Cassandra asks :

Hi Lucy

My boyfriend calls and texts me so much during the day. He calls at least 5 times, every day, and texts at least 40 times and most of the time much more than that. He wants to talk to me every night and he doesn’t want me to do anything else whilst talking to him, be it on the phone or texting or on Facebook. If he had his way he would see me every night too. We actually split up and have got back together and I told him this was one of the problems, he says I do it too one minute and the next says he feels like he is the only one making an effort as I never text him first.
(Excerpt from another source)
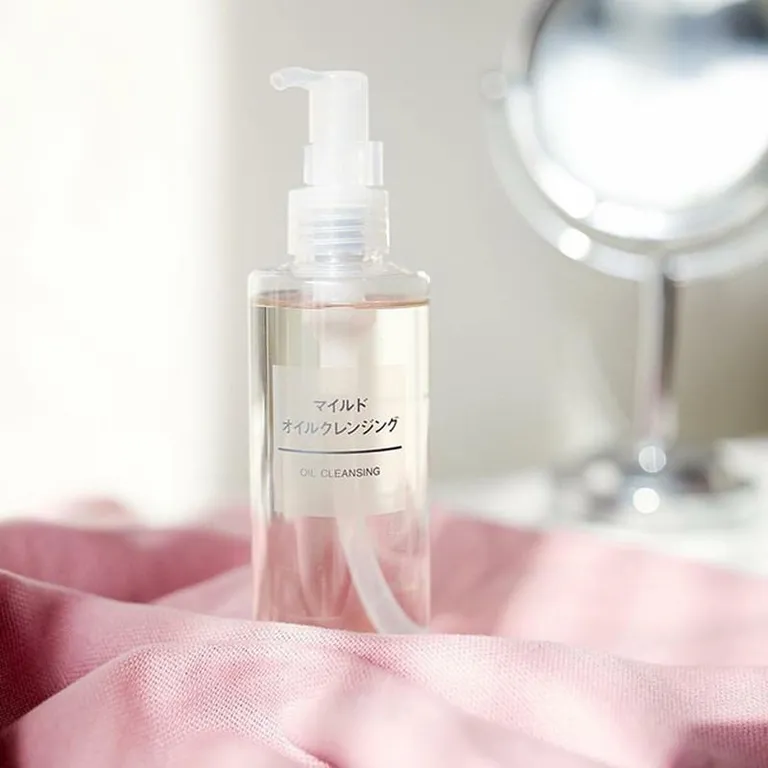 Muji Cleansing Oil chai nhựa trắng trong vạch chia dung tích vòi bơm chốt khóa tối giản Nhật Bản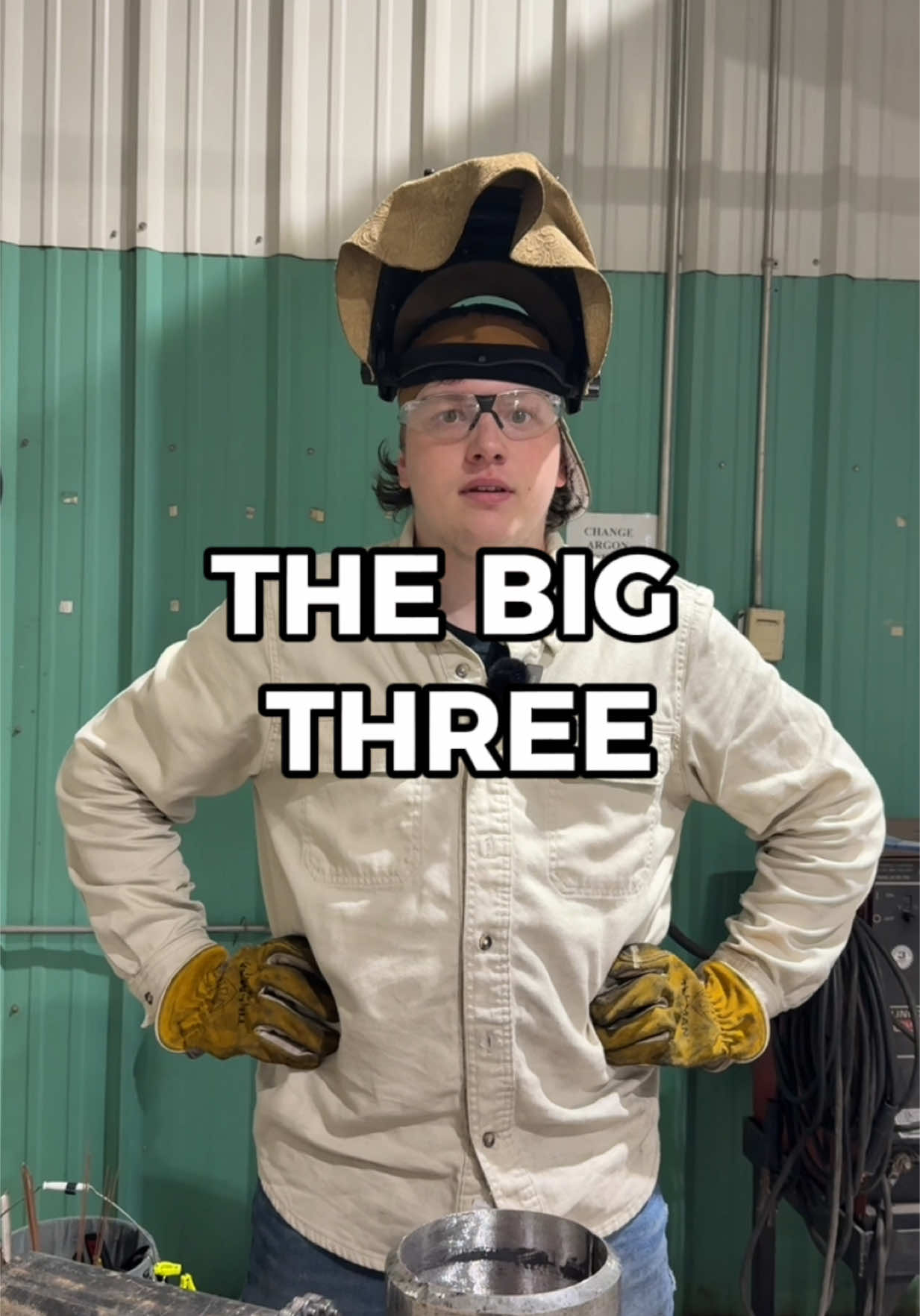 🚨 THE BIG THREE! 🚨 We always catch up with our grads when they swing by to do a little brushing up. We always hit them with The Big Three questions: 1️⃣ How many states have you worked in? 2️⃣ What’s your fattest weekly check? 3️⃣ What’s your proudest accomplishment? Got questions about Missouri Welding Institute? Give us a call or shoot us a text at (417) 566-1446 🔽Hours of operations SUNDAY / CLOSED MONDAY-THURSDAY / 8:00am-4:30pm FRIDAY / 8:00-3:00pm SATURDAY / CLOSED #highpayingskills #weldingschools #weldingeducation #tradeschool #learntoweld #weldingclasses #tradelife #midwest #welder #welding #weldingtipsandtricks #BlueCollar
I would like just some time to be me and not just his girlfriend. Also how can I text him first when he is constantly texting me? I love him, but I am feeling really trapped. Is he over reacting, is he texting me too much, is it me that has the problem as I should want to spend lots of time with him? I am all confused and don’t know how to make it clear to him that as much as I am into him, I need some space. He is 40 and I am 43, so surely by now this should be easier.

Hi Cassandra,

Agony Aunts on Female First

Agony Aunts on Female First

This does sound overbearing, especially if you have not agreed to contact each other in such vast quantities beforehand. Every relationship needs individual space or you end up feeling the way you are now. Couples function best when they have a good balance between time with each other, time on their own and time with other people. Very few couples can survive only in each other’s company.

It sounds like he may have some insecurities from the past that are affecting his relationship with you- have you talked to him about the possibility of this? Perhaps you could suggest that you work together on this issue or that he might see someone to tackle the heart of the problem. He may think that he wants to see you all the time but he may be doing it to prevent the possibility of losing your attention or shifting your focus onto someone else, which could make him feel insecure about your pairing if he has been hurt in the past. 

You have broken up because of this before and he has not improved, so perhaps the threat of losing you was not enough to make him change. Perhaps you need to ask yourself- do you love him enough to see this through and help him to deal with this issue or do you think he will never change? Can you stay with him as you are or is it just too much to take?

If you are texting and phoning every day, then chances are you have nothing left to talk about when you do see each other, could you suggest that you limit it to one call every couple of days so your conversation will be fresh?  

If he is in his forties, chances are this habit is well established, so it may take some time to undo. Maybe setting him targets of how many times he can contact you in a day or alternating the day when you initiate contact might help to give him a routine and the communication will flow both ways.